Going out for lunch and shopping together soon became a ritual. During one of their outings, Frankfurt suggested to Warhol that "we had to write a funny cookbook for people who don't cook." She later recalled that her mother, "a hostess sine qua non," had emphasized the importance of entertaining, inspiring her to follow suit just as French cookbooks were becoming fashionable. "I tried to make sense of them," she said. "'Make a béchamel sauce,' they'd say. I didn't even know what that was." This led to their collaboration Wild Raspberries, a playful homage to Ingmar Bergman's 1957 film Wild Strawberries.

== Content ==
The book was produced while Warhol was working as a successful commercial artist. Frankfurt wrote the text, while Warhol illustrated the recipes, with calligraphy provided by his mother, Julia Warhola. Frankfurt recalled, "So we did the book, Andy with his Dr. Martin's dyes and Mrs. Warhol, her calligraphy. She was gifted and untutored, and we left all the spelling mistakes. I wrote the recipes."

The project humorously exaggerated fine dining trends through absurd and impractical recipes, such as "Omlet Greta Garbo," which is "always to be eaten alone in a candlelit room", "Gefilte of Fighting Fish" ("immerse them in sea water and allow them to do battle until they completely bone each other.
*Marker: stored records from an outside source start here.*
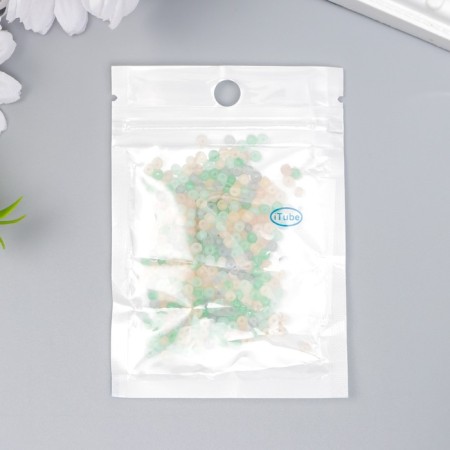 Glass 8/0 "Matte translucent. Melange yellow-green" 10 g-2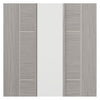 J B Kind Laminates Lava Painted Door Pair - Clear Glass - Prefinished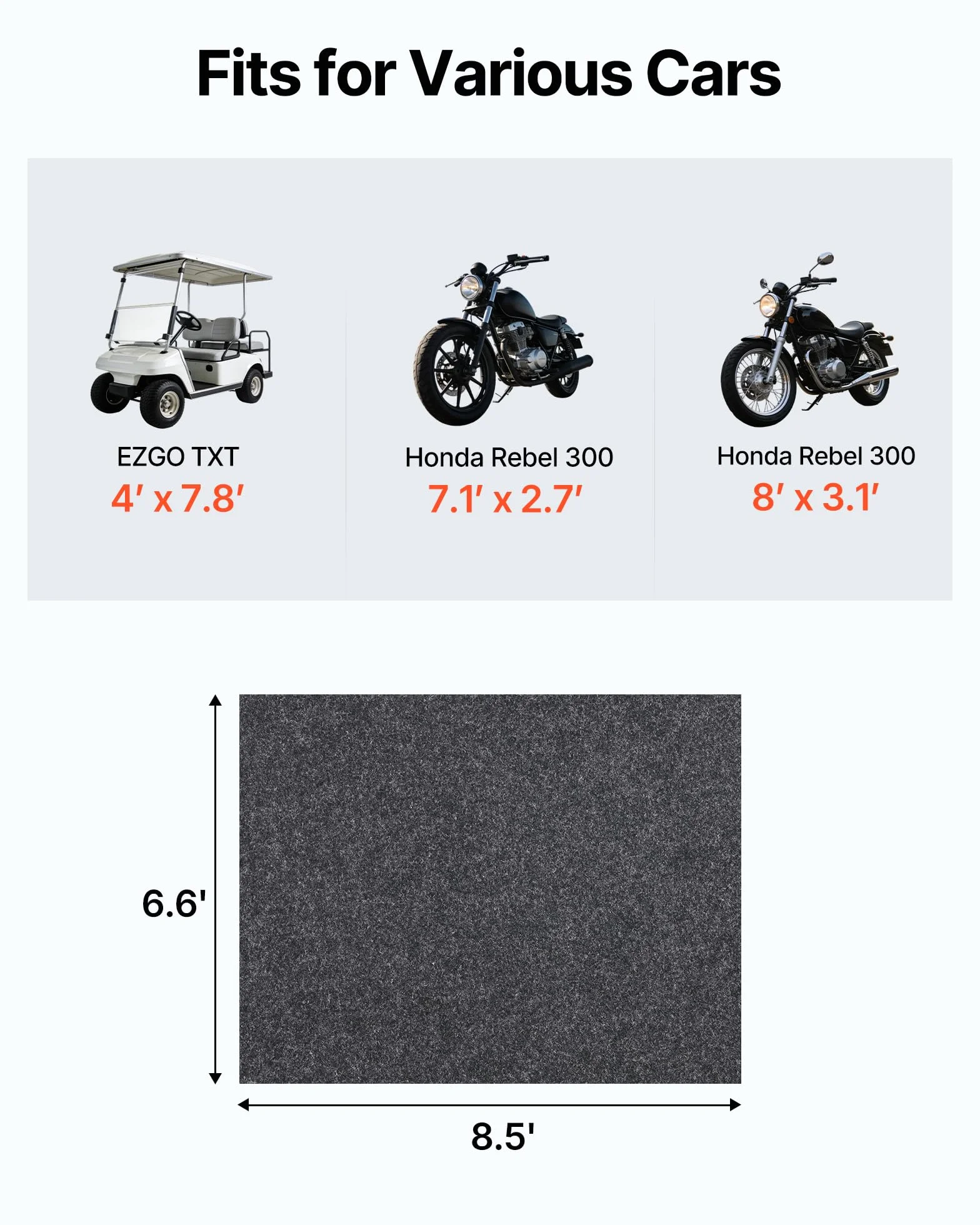 VEVOR GM-03 Wodoodporna antypoślizgowa mata ochronna o wymiarach 2 x 2,6 m, wytrzymała, chroni podłogę przed wodą, błotem i olejem, do garażu, szklarni, wejścia, szaro-czarna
Take the fillets, stir in white wine and serve slightly chilled"), and "Seared Roebuck": "roebuck shot in ambush is infinitely better than roebuck killed after a chase."

== Publication ==
Wild Raspberries was self-published in a highly limited edition of approximately 34 copies and distributed to friends rather than widely sold. The manuscript contains 18 offset lithographs and a title page, printed by Seymour Berlin. Schoolboys were hired to color the pages, glossy paper was chosen for the covers, and the books were bound in fuchsia boards by rabbis on the Lower East Side. "There were two versions, colored and semicolored. We thought it would be a masterpiece and we'd sell thousands. I think we sold 20," Franklin said. A small number of copies were available through Serendipity, which operated as both a café and an informal gallery.

Owing to its limited circulation, the book remained relatively obscure for decades until it was reissued in 1997 by Little, Brown & Company under its Bulfinch Press imprint, a project initiated by Frankfurt's son, art dealer Jaime Frankfurt. Because of the scarcity of the original limited-edition books, they have become highly sought-after collector's items, with copies selling for over $40,000 at auction.